Wednesday, May 30, 2012

Religion as a Force for Good

I'm beginning to see religion as less and less of a general force for good. The difficulty, I think, lies with the uncompromising conservatism of its caretakers. At their inception, each religion (by necessity, usually) reflects the values of its culture - or possibly even reforms them. Arguably, early Christian teachings in specific geographic places gave women the freedom to refuse to have sex, sex that would otherwise have been forced upon them. Those same teachings have been maintained and twisted over the years to discourage sex - when our own secular culture alongside has become more accepting and tolerant of individual choice. It is the current cultural climate, not the religion, which has carried on the legacy of those original teachings, teachings which now are used to oppress instead of free. Does religion do good in this day and age? Sure. Does it outweigh the harm?

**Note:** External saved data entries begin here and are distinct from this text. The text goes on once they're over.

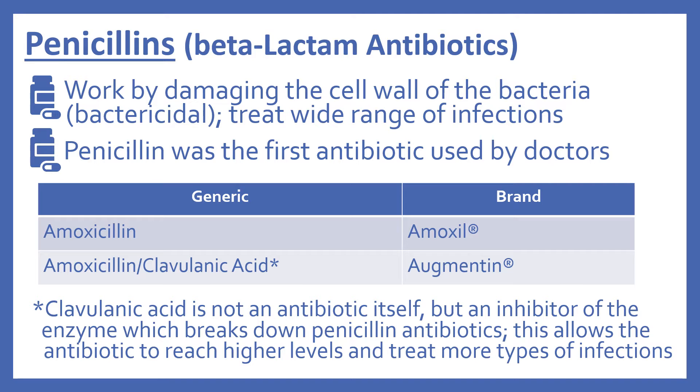First we'll look at the penicillins. These are a type of beta-lactam antibiotic. Penicillins work by damaging the cell wall of the bacteria, so they're bactericidal, and they treat a wide range of infections. Penicillin was actually the first antibiotic used by doctors. In the top 200, there's amoxicillin (brand name Amoxil) and amoxicillin with clavulanic acid (brand name Augmentin). The clavulanic acid is not an antibiotic itself, but an inhibitor of the enzyme which breaks down penicillin antibiotics, allowing the antibiotic to reach higher levels and treat more types of infections.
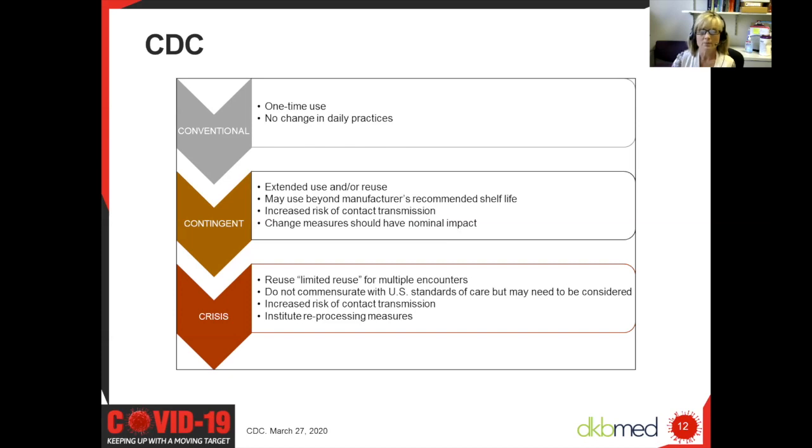One of the things they do recommend are mitigation strategies for when we have periods where PPE is very limited. During conventional times, all N95 masks can be a one-time use. But during contingent periods where N95 materials are in short supply, institutions can implement extended use of N95s. This is repeated close contact encounters with several patients of the same pathogen for up to eight continuous hours, and should have little to no impact on the function of the N95 respirator. It does increase risk of contact transmission though, and that is why when we doff those masks, we need to be very mindful in our methods of doffing so as to not contaminate ourselves.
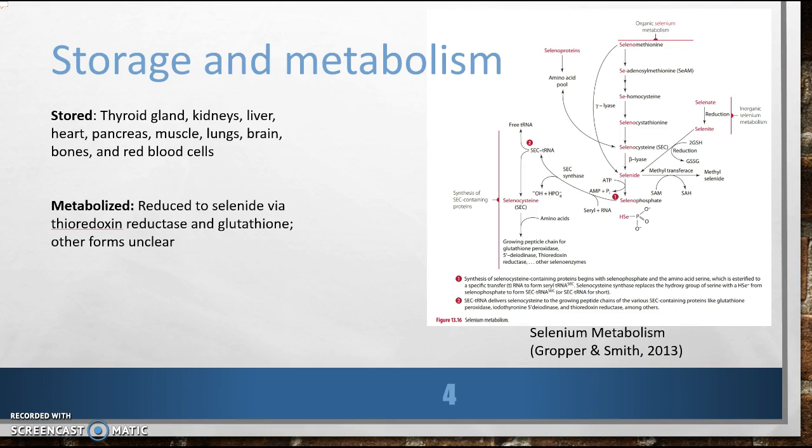So our body absorbs selenium — and then where does it store you? The thyroid gland, kidneys, liver, heart, pancreas, and muscle contain pretty high concentrations. The lungs, brain, bones, and red blood cells also contain large quantities of the mineral.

I'm not as convinced as once I was: http://freethoughtblogs.com/pharyngula/2012/05/30/real-scientists-dont-let-the-evidence-get-in-the-way-of-the-theory/ The difficulty with the apologist's argument here is that religion no longer reflects or reforms a culture as it once did, it simply holds it back. Each progressive move in the faith is simply giving ground to something that a culture is already getting on with. Feminism, civil rights, even social justice - once the bastion of church work - all seem to be more efficiently acted out as secular movements. Religion for at least the last hundred years - and often at various times in the past - has not been allowed to reflect or reform our culture. It has only held it back. I can't, on balance, support the idea that religion is, or can ever again, be a force for good.